** TASK GOAL **
Leave out the pictures and restate exactly, and only, the lines from the one that contains "Enjoy in modern" through the final line of the material below.

········

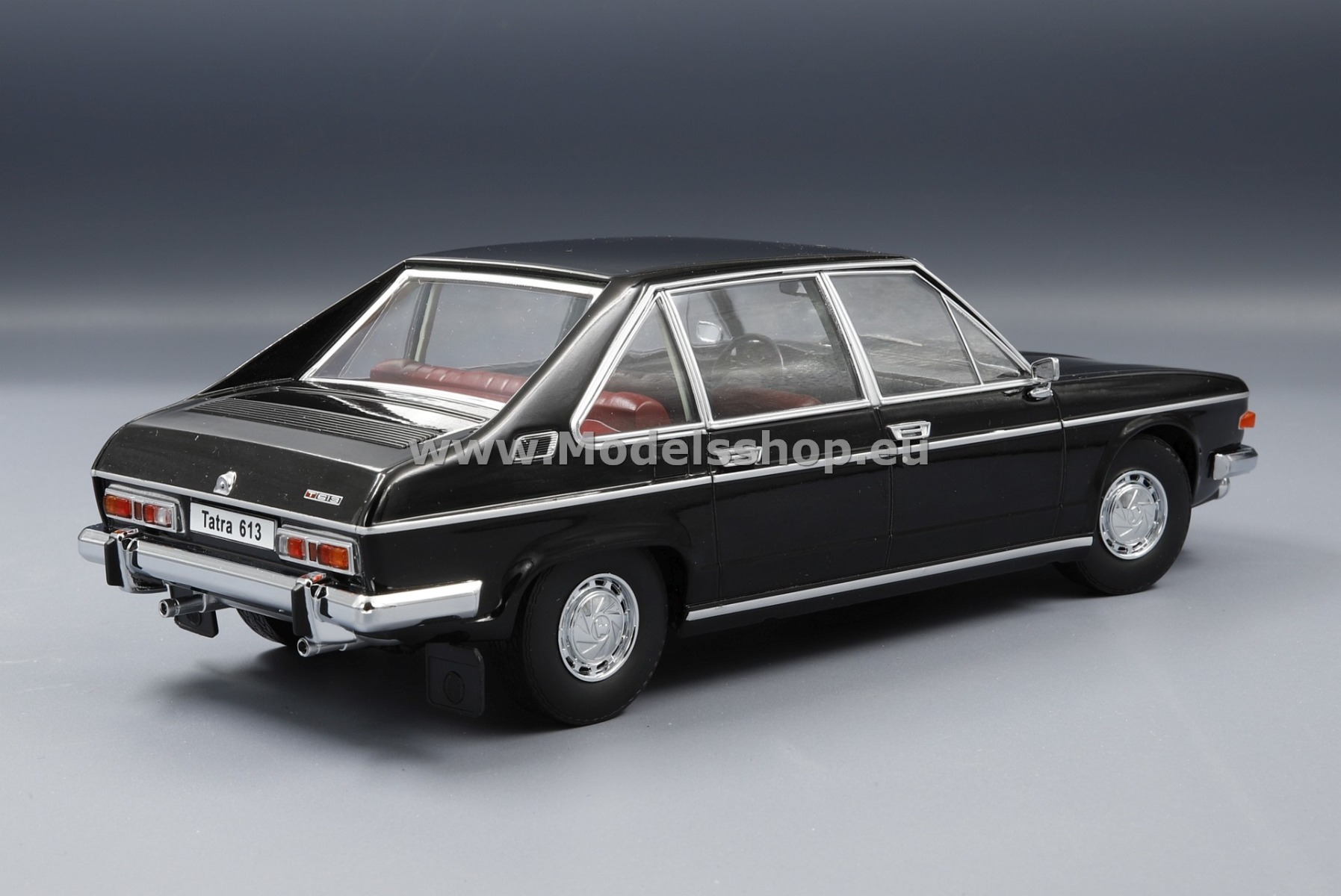Amazon.co.jp: レア1/24 タトラ 613 空冷 V8 RR ビッグ サルーン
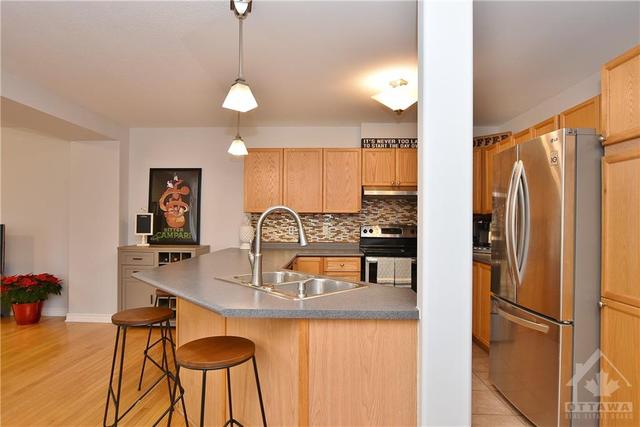 18 Palton Avenue, Townhouse with 3 bedrooms, 3 bathrooms and 3 parking in Ottawa ON | Image 7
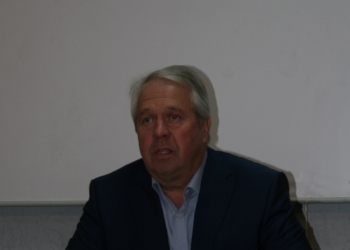 Дела предвыборные: Сергей Исаков знает, кто ему выставил двойника, и не намерен сниматься в пользу Александра Жолобецкого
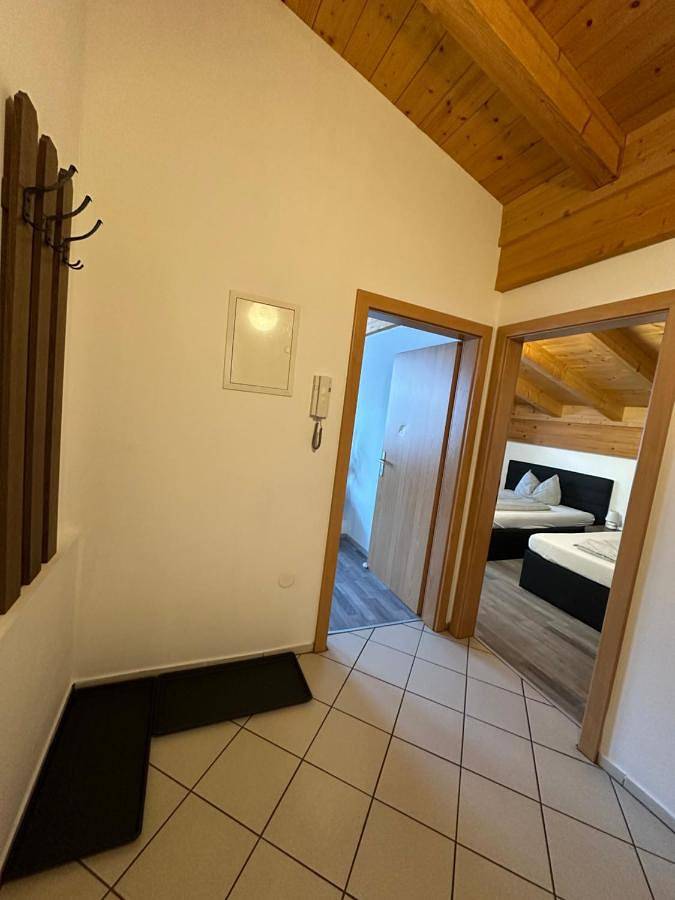 Ferienwohnung für 5 Personen, mit Balkon und Terrasse sowie Ausblick in Radfeld - 2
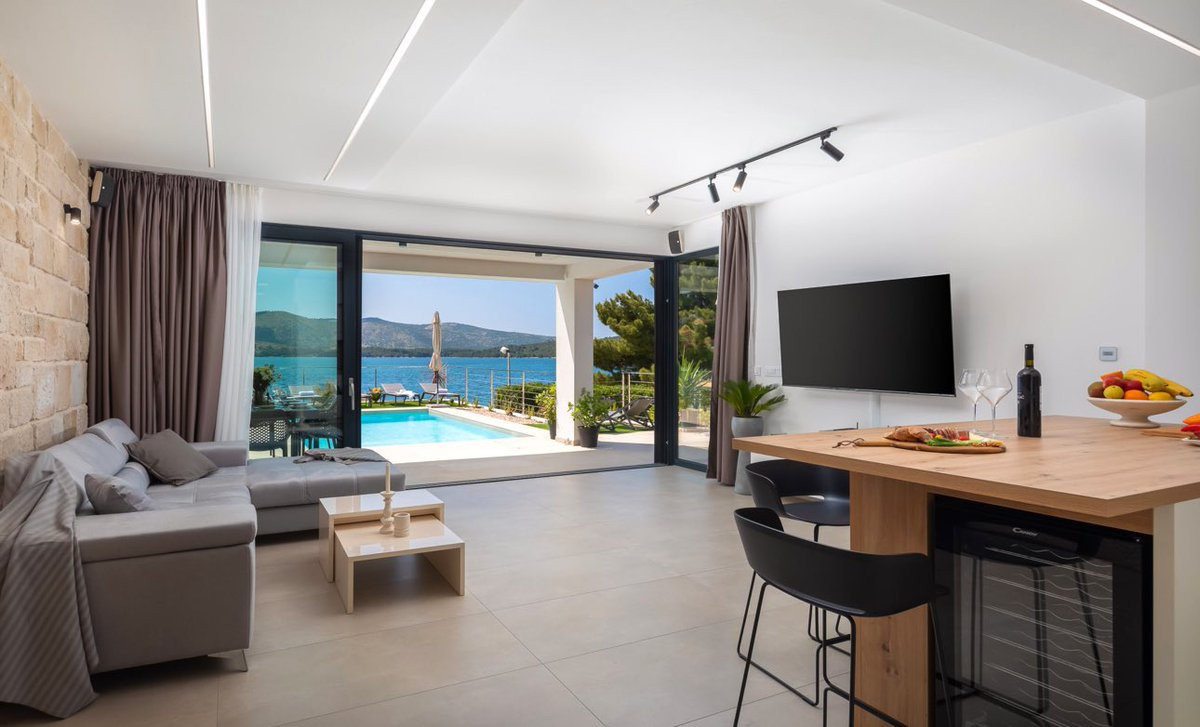 Enjoy in modern elegance, breathtaking design, and panoramic Dalmatian views on your dream 2024 getaway! ✨ 

Book now one of the best luxury villas in Dalmatia 🏡✨ 

#luxuryvillas #visitcroatia #homerent #holidayhome #comfortandstyle #vacation #enjoying #villasincroatia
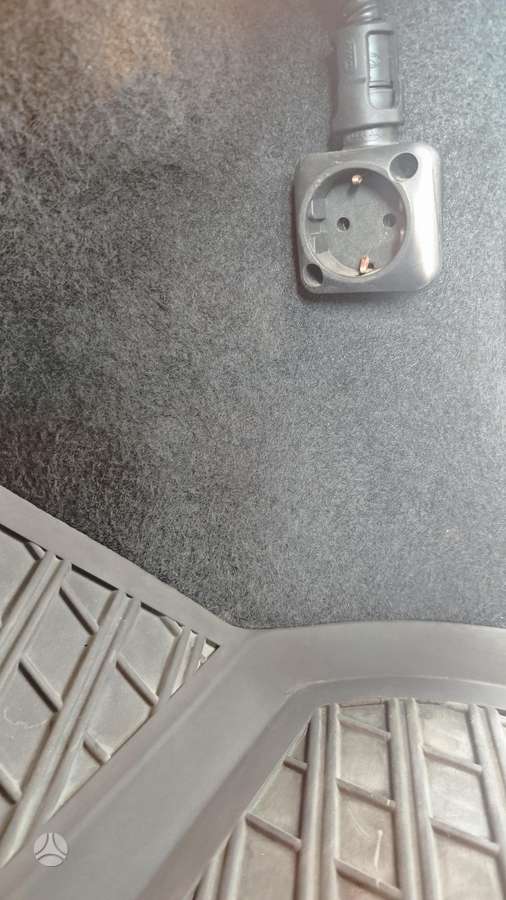 Volvo V50 2010 — photo 21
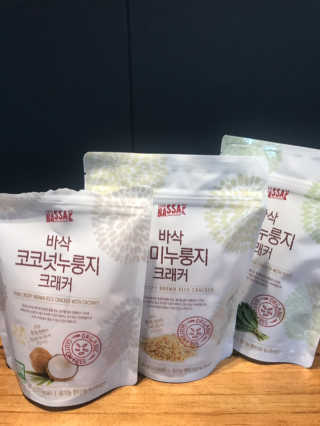 BASSAK 바삭 유기농 현미 누룽지 크래커 3종 — 5점을 준 리뷰어가 2019년 9월 올린 사용 사진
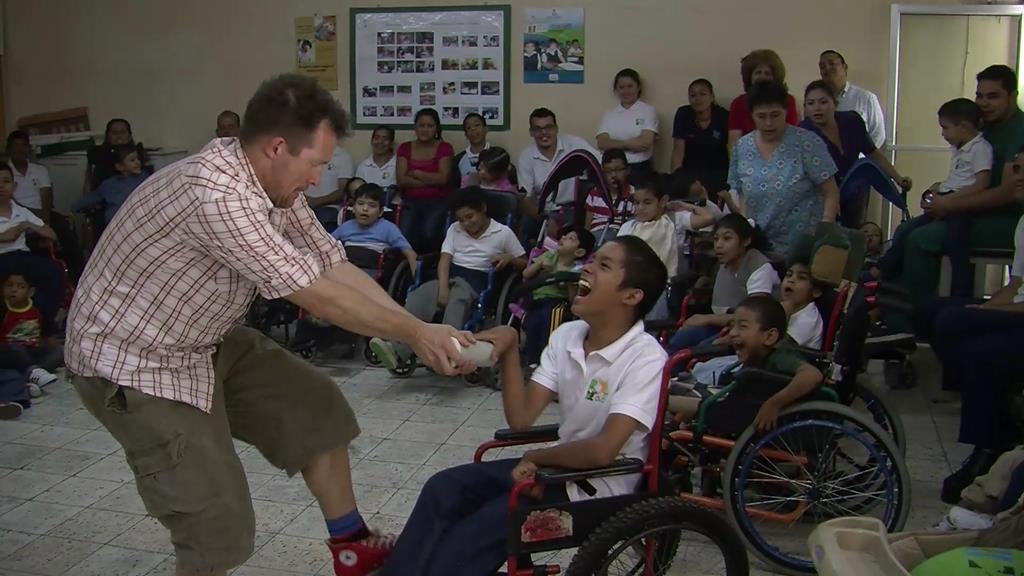 I Honduras er det normalt er det tabubelagt, at have familiemedlemmer der er handikappede. Disse gemmes væk på dystre institutioner og sygehuse, hvor de til tider lever en kummerlig tilværelse. Men der kom pludselig fest og farver ind på afdelingen, da Doktor Elmer inviterede Jesper på besøg.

········

** EXERCISE RESPONSE **
 Enjoy in modern elegance, breathtaking design, and panoramic Dalmatian views on your dream 2024 getaway! ✨ 

Book now one of the best luxury villas in Dalmatia 🏡✨ 

#luxuryvillas #visitcroatia #homerent #holidayhome #comfortandstyle #vacation #enjoying #villasincroatia
 Volvo V50 2010 — photo 21
 BASSAK 바삭 유기농 현미 누룽지 크래커 3종 — 5점을 준 리뷰어가 2019년 9월 올린 사용 사진
 I Honduras er det normalt er det tabubelagt, at have familiemedlemmer der er handikappede. Disse gemmes væk på dystre institutioner og sygehuse, hvor de til tider lever en kummerlig tilværelse. Men der kom pludselig fest og farver ind på afdelingen, da Doktor Elmer inviterede Jesper på besøg.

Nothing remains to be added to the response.